Elle s’ennuie toujours autant aux mondanités d’épouses de militaires auxquelles elle est censée participer. Pourquoi ce malaise en société? Cette envie irrépressible de fuir les regards? Comme lorsqu’elle était enfant à Cannon Hall, se cachant derrière les massifs de fleurs pour échapper aux déjeuners du dimanche qu’elle détestait.
Comme elle aimerait être ailleurs. N’importe où, sauf ici, aux portes du désert. Sous la pluie, par exemple. Quel bonheur ce serait de se tenir dans la fine bruine parfumée de Fowey, grelotter de froid, enfiler un manteau épais, marcher dans l’herbe mouillée, respirer un air vif et pur, caresser l’écorce rugueuse d’un arbre, les pétales veloutés perlés de rosée, regarder les vagues se fracasser contre les falaises. Parcourir les terres de Menabilly, poser les mains sur ses murs gris, frissonner à nouveau de ce plaisir intense.

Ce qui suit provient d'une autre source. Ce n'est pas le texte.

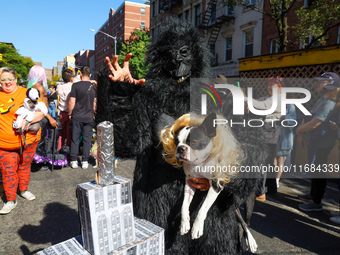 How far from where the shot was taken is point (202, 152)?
1274mm

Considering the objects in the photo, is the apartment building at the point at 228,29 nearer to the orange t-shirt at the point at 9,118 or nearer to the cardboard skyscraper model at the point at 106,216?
the orange t-shirt at the point at 9,118

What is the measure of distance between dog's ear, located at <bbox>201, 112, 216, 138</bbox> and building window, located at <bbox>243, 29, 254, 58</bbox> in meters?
16.9

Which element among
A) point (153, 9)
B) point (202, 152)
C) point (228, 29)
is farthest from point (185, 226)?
point (153, 9)

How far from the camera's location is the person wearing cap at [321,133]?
392 centimetres

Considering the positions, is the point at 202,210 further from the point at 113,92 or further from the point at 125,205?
the point at 113,92

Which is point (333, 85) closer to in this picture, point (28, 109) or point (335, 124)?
point (335, 124)

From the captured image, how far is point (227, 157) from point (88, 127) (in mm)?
4987

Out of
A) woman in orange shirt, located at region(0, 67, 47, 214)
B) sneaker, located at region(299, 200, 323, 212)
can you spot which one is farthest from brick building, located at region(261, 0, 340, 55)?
woman in orange shirt, located at region(0, 67, 47, 214)

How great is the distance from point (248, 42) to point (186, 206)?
1746 cm

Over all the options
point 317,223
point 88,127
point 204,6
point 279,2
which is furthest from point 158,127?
point 204,6

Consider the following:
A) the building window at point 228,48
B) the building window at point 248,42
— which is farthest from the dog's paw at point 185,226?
the building window at point 228,48

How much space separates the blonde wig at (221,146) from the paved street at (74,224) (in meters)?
2.25

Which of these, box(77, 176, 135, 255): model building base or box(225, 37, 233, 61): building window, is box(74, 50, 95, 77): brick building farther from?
box(77, 176, 135, 255): model building base

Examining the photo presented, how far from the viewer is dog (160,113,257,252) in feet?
4.11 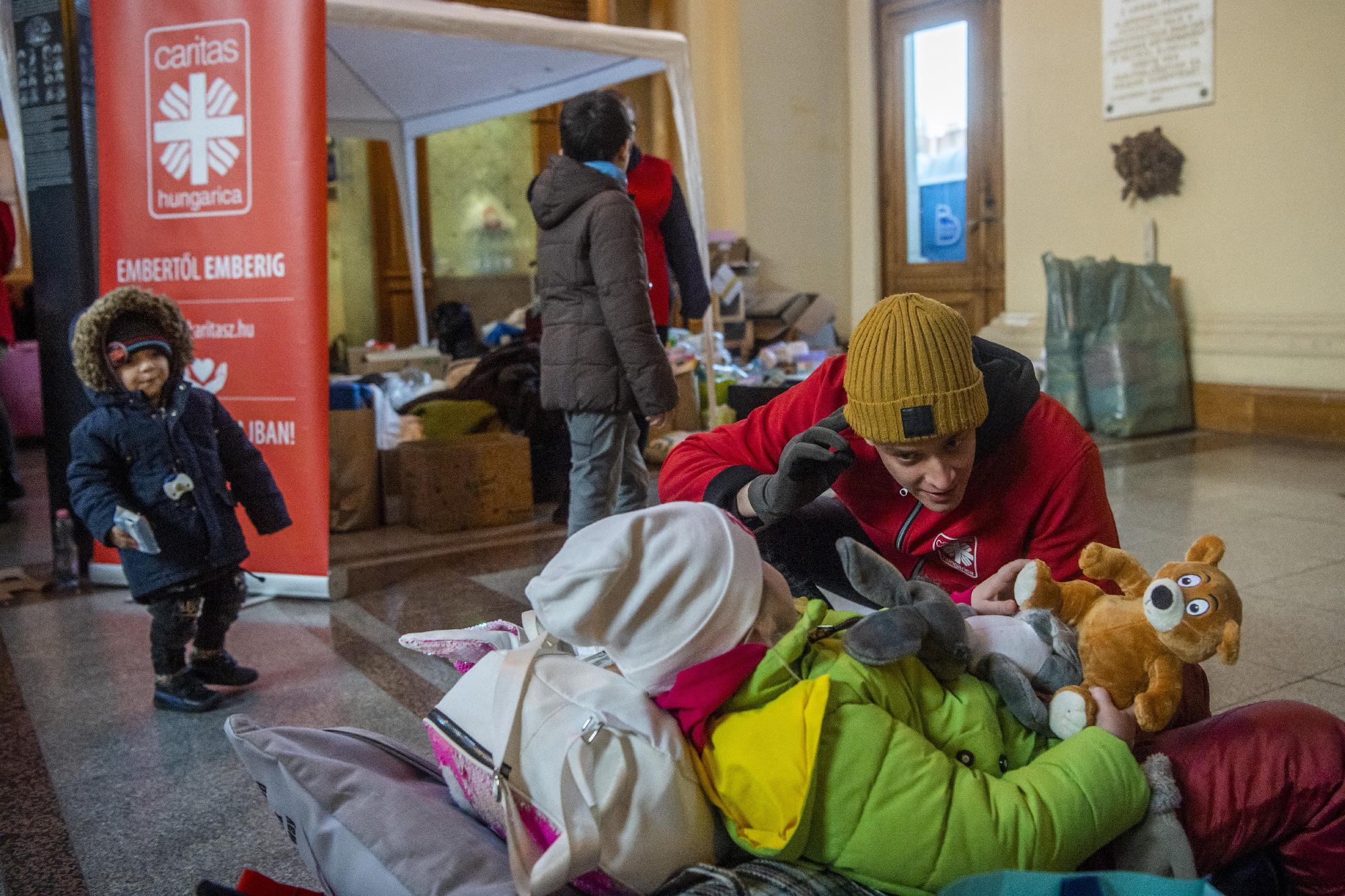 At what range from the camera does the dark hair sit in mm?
4008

Elle reprend son carnet. Une demeure majestueuse... une première épouse... peut-être un naufrage... un terrible secret... de la jalousie...
Daphné se concentre, oublie l’Égypte, se projette dans la fraîcheur brumeuse de Fowey. Elle pense à Milton, cette immense maison qui l’avait fascinée dans son enfance, avec son grand balcon, les domestiques alignés devant l’escalier majestueux, la gouvernante, Mrs Parker. Elle pourrait reprendre cette silhouette noire, haute et sévère. Et ce souvenir de naufrage, ce bateau brisé qu’elle avait vu à Pridmouth en janvier 1930, la Romanie, livré aux flots déchaînés: elle devrait s’en inspirer.
Pour ceux qui ont lu son roman – ou vu son adaptation au cinéma par Hitchcock ou en musical par Kunze et Levay – on ressent le manoir de Manderley se profiler à l’horizon…
Mais un souvenir beaucoup plus personnel va tout déclencher.
Elle se revoit, peu après ses fiançailles avec Tommy, fouillant et découvrant des lettres d’amour écrites par une certaine Jan Ricardo. Cette femme, il devait l’épouser le 25 mars 1929. Les fiançailles avaient été rompues. Pourquoi? Daphné n’en savait rien. Elle en était restée profondément troublée. Non seulement parce que ces lettres témoignent d’un attachement fort entre son fiancé et une autre femme, mais surtout parce qu’elles sont signées d’un R majuscule orné d’une grande boucle élégante.
Ce simple R, stylisé et féminin, va hanter Daphné pendant des années. Elle confiera plus tard que cette signature — belle, assurée, théâtrale — lui donnait le sentiment d’être inférieure, fade, maladroite. Elle, l’intellectuelle introvertie, mal à l’aise en société, se sent éclipsée par l’ombre d’une femme qu’elle n’a jamais rencontrée.
Elle écrira plus tard dans une lettre: » Je suis cette seconde épouse qui vit dans la maison d’une autre. »
Daphné avait aussi trouvé des photos de cette jeune femme, d’une beauté sophistiquée, noire de cheveux, élégante dans sa robe fourreau. Elle semblait incarner la parfaite maîtresse de maison, de celles qui savent recevoir, fleurir un salon, converser avec aisance, incarner la grâce en toute circonstance. Daphné avait rangé ces lettres et ces photos, le cœur pincé par la jalousie. Cette jalousie, elle pourrait aujourd’hui l’exhumer, la transformer, la sublimer dans une fiction.
Il lui faut un nom pour cette demeure fastueuse… M comme Milton, M comme Menabilly… Et soudain, le nom surgit: Manderley. Une vieille bâtisse immense, à la noblesse un peu ternie par le temps, jumelle de Milton Hall, avec ses tourelles, ses horloges, ses parapets, à l’image de la Villa Camposenea.